Instructions to follow: Below are some records. Return exactly their lines from the one containing "A beginner angler" through the one containing "Kostenlos Ein junger", and drop the pictures.

Data extracted from a collection:
++++

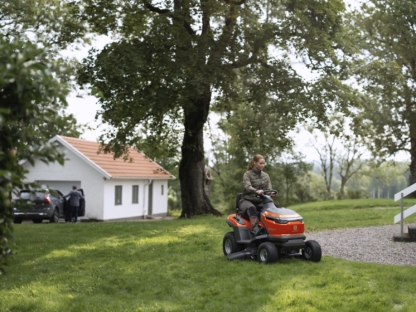 Sieviete uz traktora dārzā pļaut zālienu, fonā māja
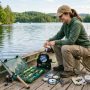 A beginner angler organizing basic fishing equipment including a rod, reel, tackle box, and line spooler on a wooden dock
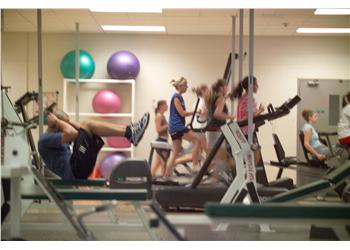 people exercising in a gym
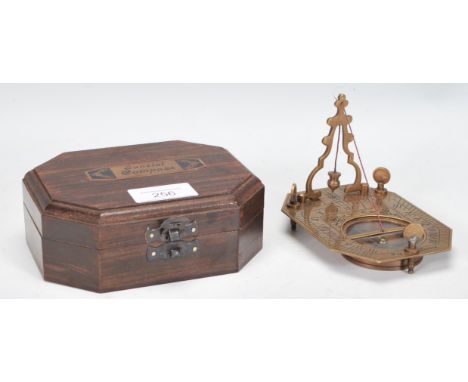 A 20th Century cased brass Sundial Compass, the compass set within the folding metamorphic sundial, marked Cox London.
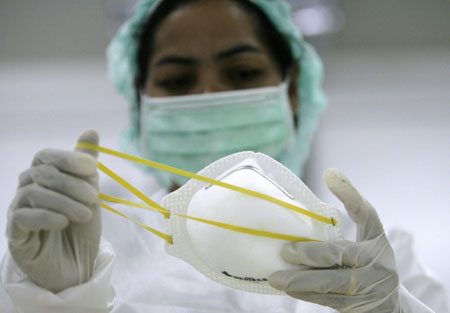 Masks production increased in Asia as flu spreads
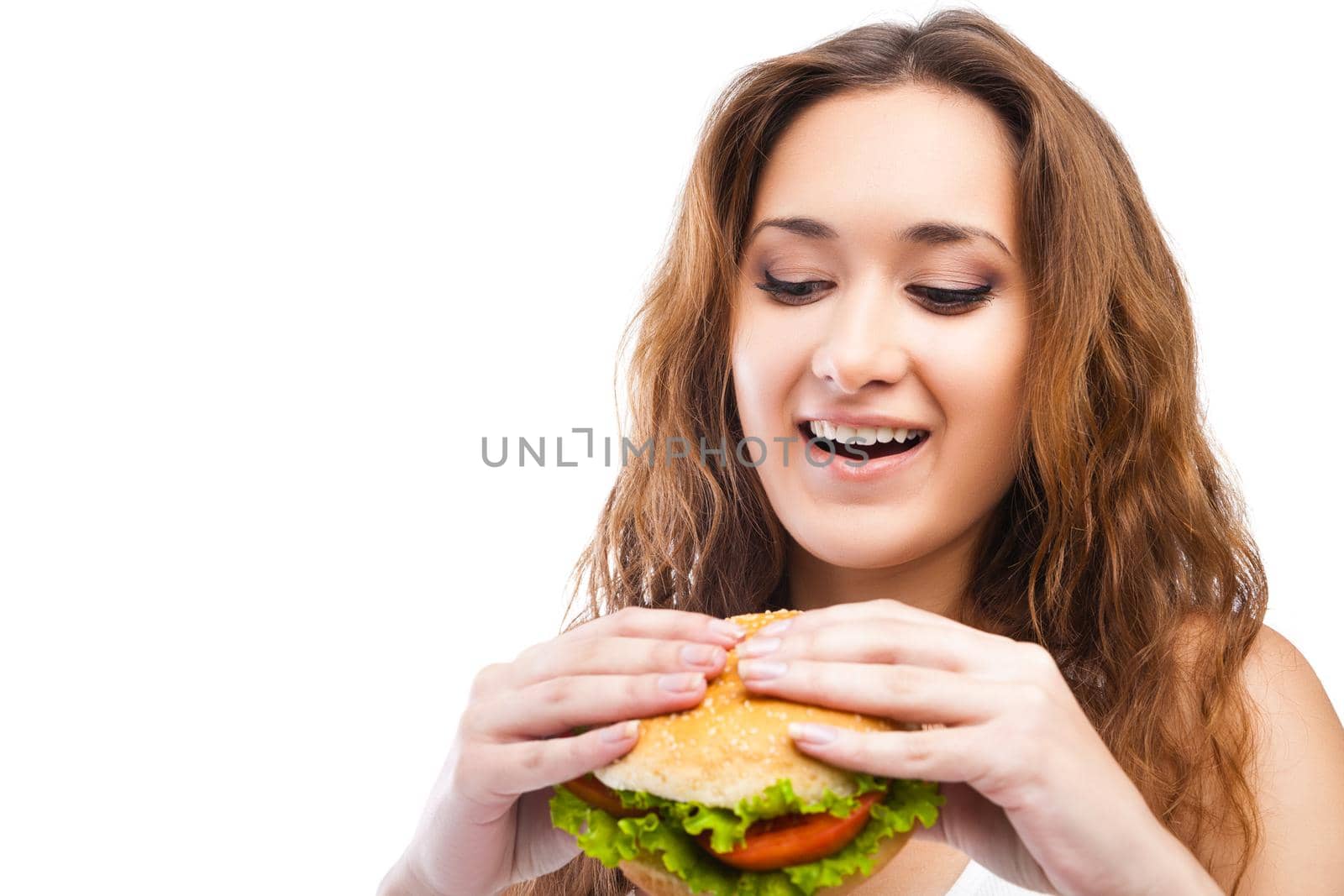 Happy Young Woman Eating big yummy Burger isolated on white background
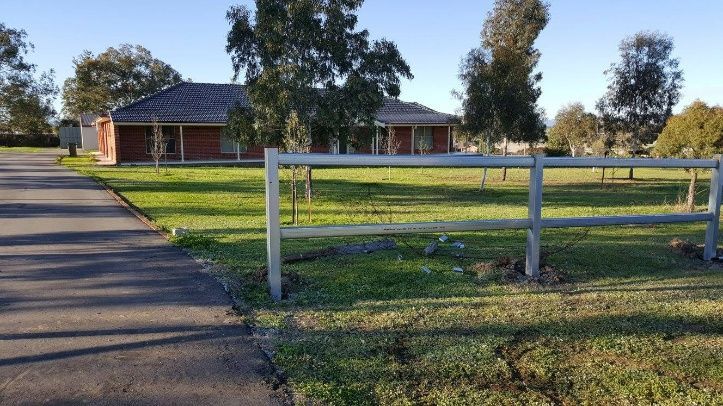 A Driveway Leading To A House, Framed By A Fence, With The Home Visible In The Background — Anne & Ron Johnson Fencing in Werris Creek, NSW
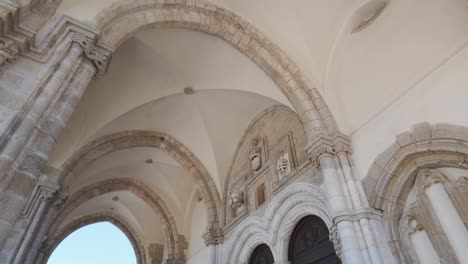 architectural details of the gothic sao francisco church entrance in evora, portugal, bathed in sunlight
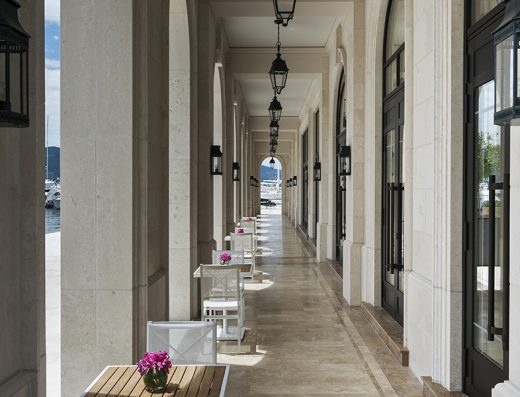 Arkadni hodnik u Regent Porto Montenegro sa kamenim stubovima, crnim lampionima, belim stolovima i stolicama i pogledom na marinu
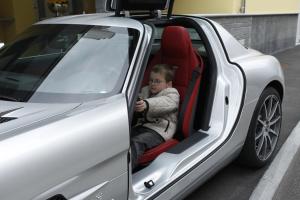 Un niño pequeño sentado en el asiento del conductor de un coche en Holiday Hotel YACHTSPORT RESORT Lago Maggiore, en Brissago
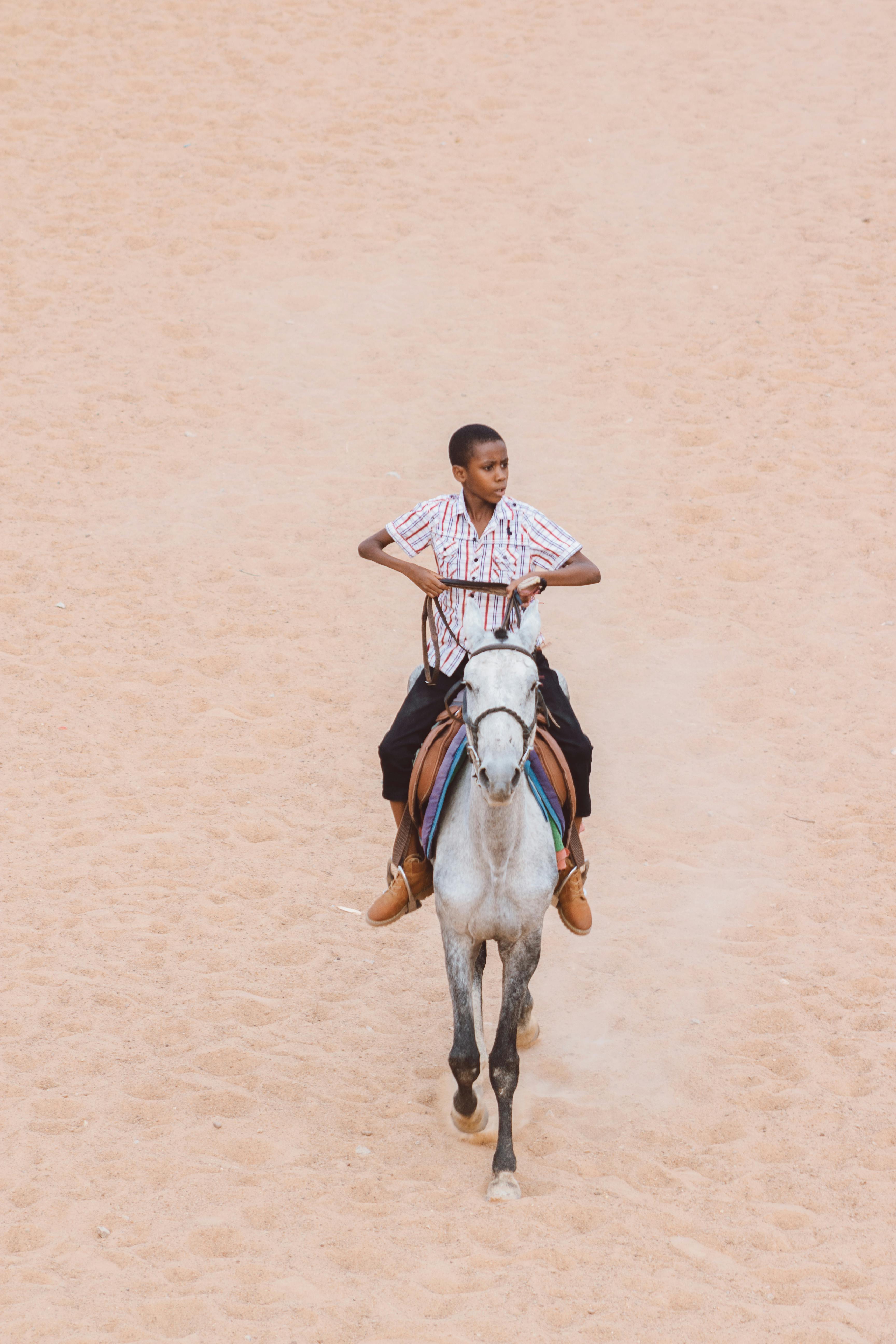 Kostenlos Ein junger Mann reitet souverän auf einem Pferd durch ein weites Sandgebiet und fängt so einen Moment gekonnter Reitkunst ein. Stock-Foto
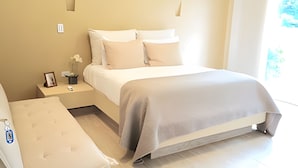 A modern bedroom with a bed, bedside tables, and a bench. - Mágica CASA FINCA de lujo piscina wi-fi (San Sebastian de Mariquita)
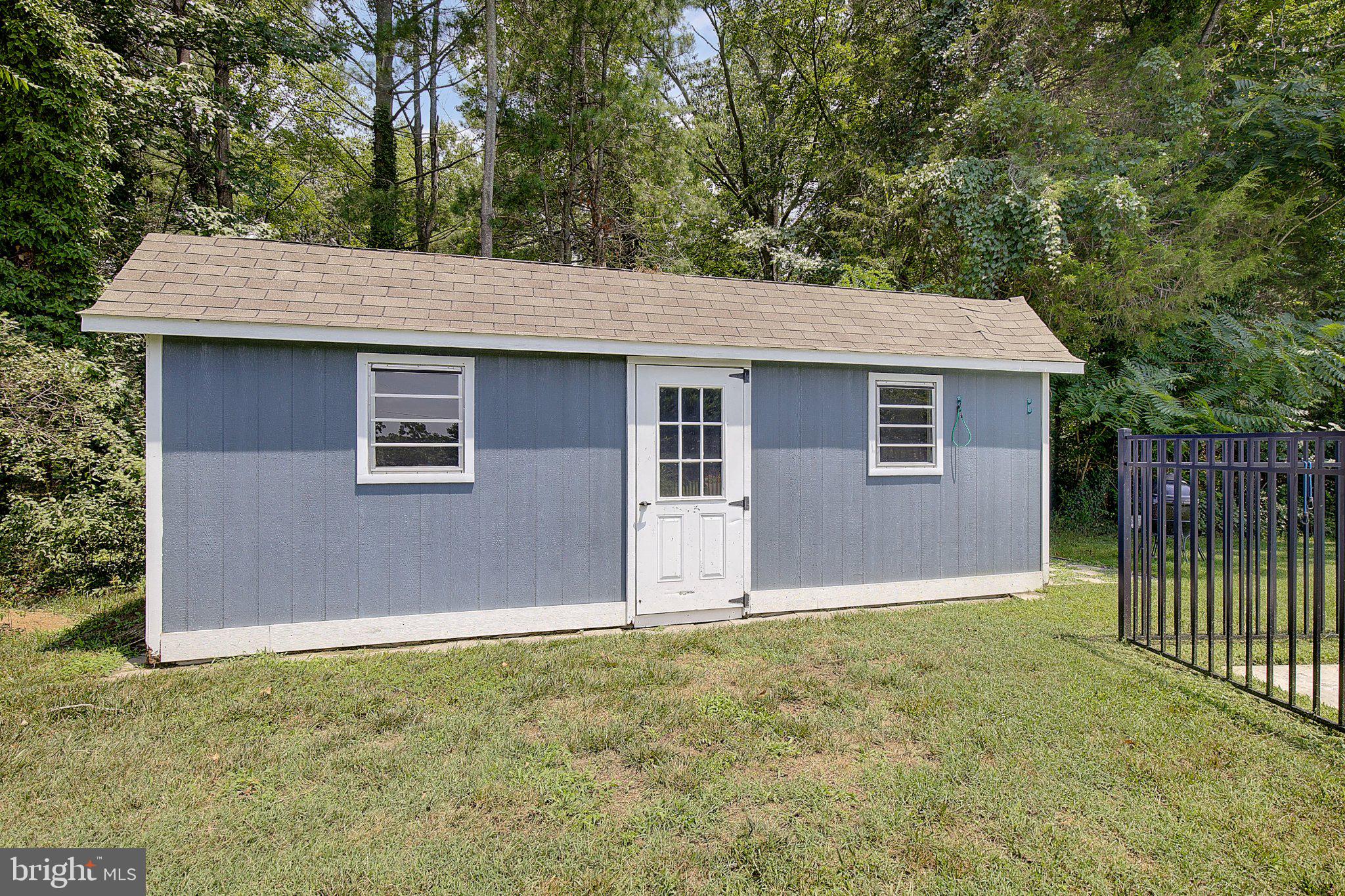980 Apple Lane Solomons, MD 20629 - Photo 60 of 82 Charming blue shed in serene setting.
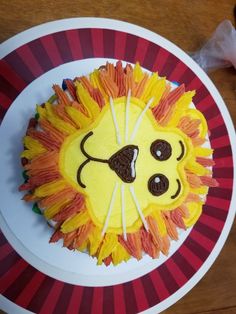 a cake shaped like a lion on top of a white plate with red and yellow stripes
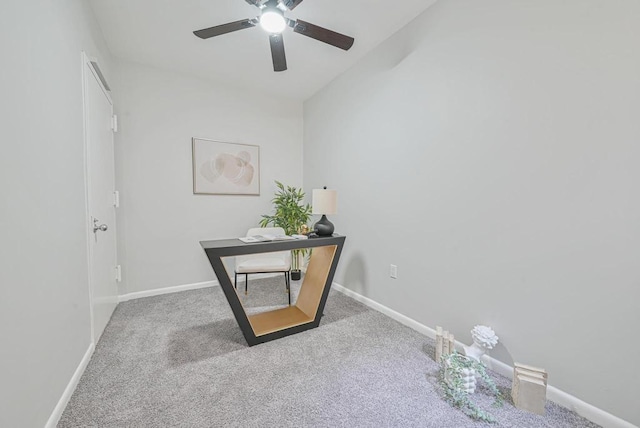 carpeted office with a ceiling fan and baseboards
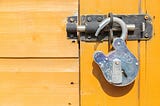 A heavy-duty silver padlock hanging completely open and unlatched from a dark metal slide bolt lock on a bright, sunlit yellow wooden door. The open lock sits on the right side of the horizontal frame, symbolizing freedom, broken silence, and midlife liberation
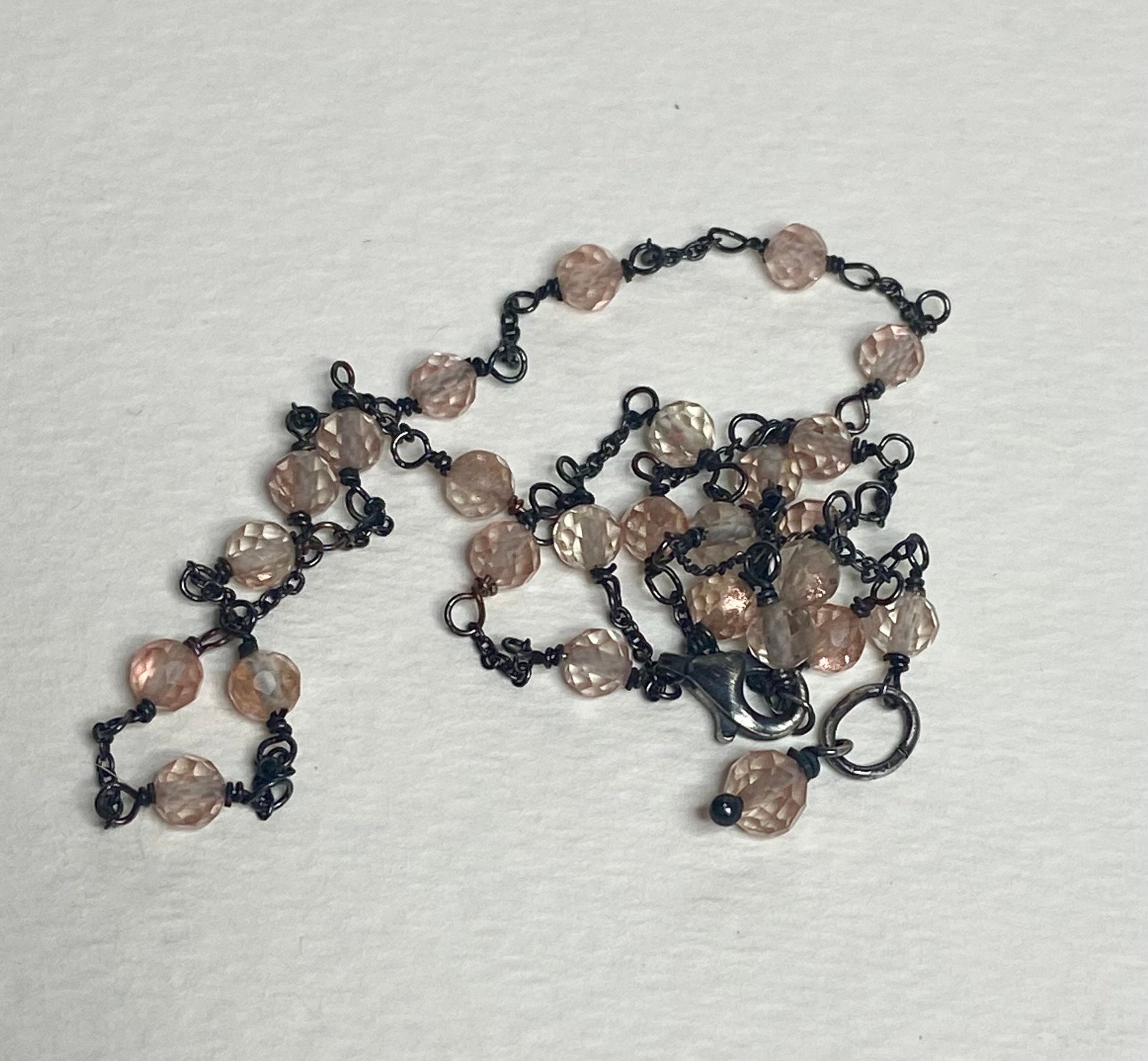 Adjustable sterling silver necklace with peach Oregon sunstone beads.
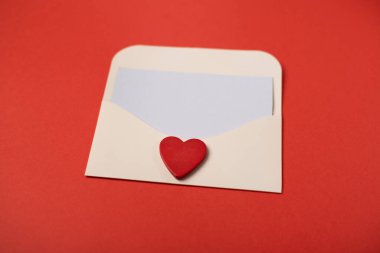 Kırmızı arka planda kırmızı ahşap bir kalp olan bir zarf. Düz konum, üst görünüm, metin için boşluk. Sevgililer Günü konsepti için romantik aşk mektubu.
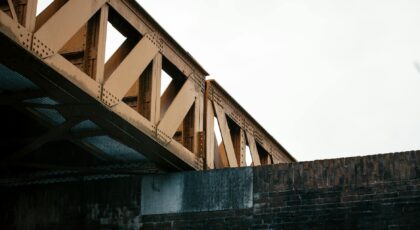 A low angle view of a metal bridge with a brick wall, showcasing industrial architecture.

++++

Solution to the exercise:
 A beginner angler organizing basic fishing equipment including a rod, reel, tackle box, and line spooler on a wooden dock
 people exercising in a gym
 A 20th Century cased brass Sundial Compass, the compass set within the folding metamorphic sundial, marked Cox London.
 Masks production increased in Asia as flu spreads
 Happy Young Woman Eating big yummy Burger isolated on white background
 A Driveway Leading To A House, Framed By A Fence, With The Home Visible In The Background — Anne & Ron Johnson Fencing in Werris Creek, NSW
 architectural details of the gothic sao francisco church entrance in evora, portugal, bathed in sunlight
 Arkadni hodnik u Regent Porto Montenegro sa kamenim stubovima, crnim lampionima, belim stolovima i stolicama i pogledom na marinu
 Un niño pequeño sentado en el asiento del conductor de un coche en Holiday Hotel YACHTSPORT RESORT Lago Maggiore, en Brissago
 Kostenlos Ein junger Mann reitet souverän auf einem Pferd durch ein weites Sandgebiet und fängt so einen Moment gekonnter Reitkunst ein. Stock-Foto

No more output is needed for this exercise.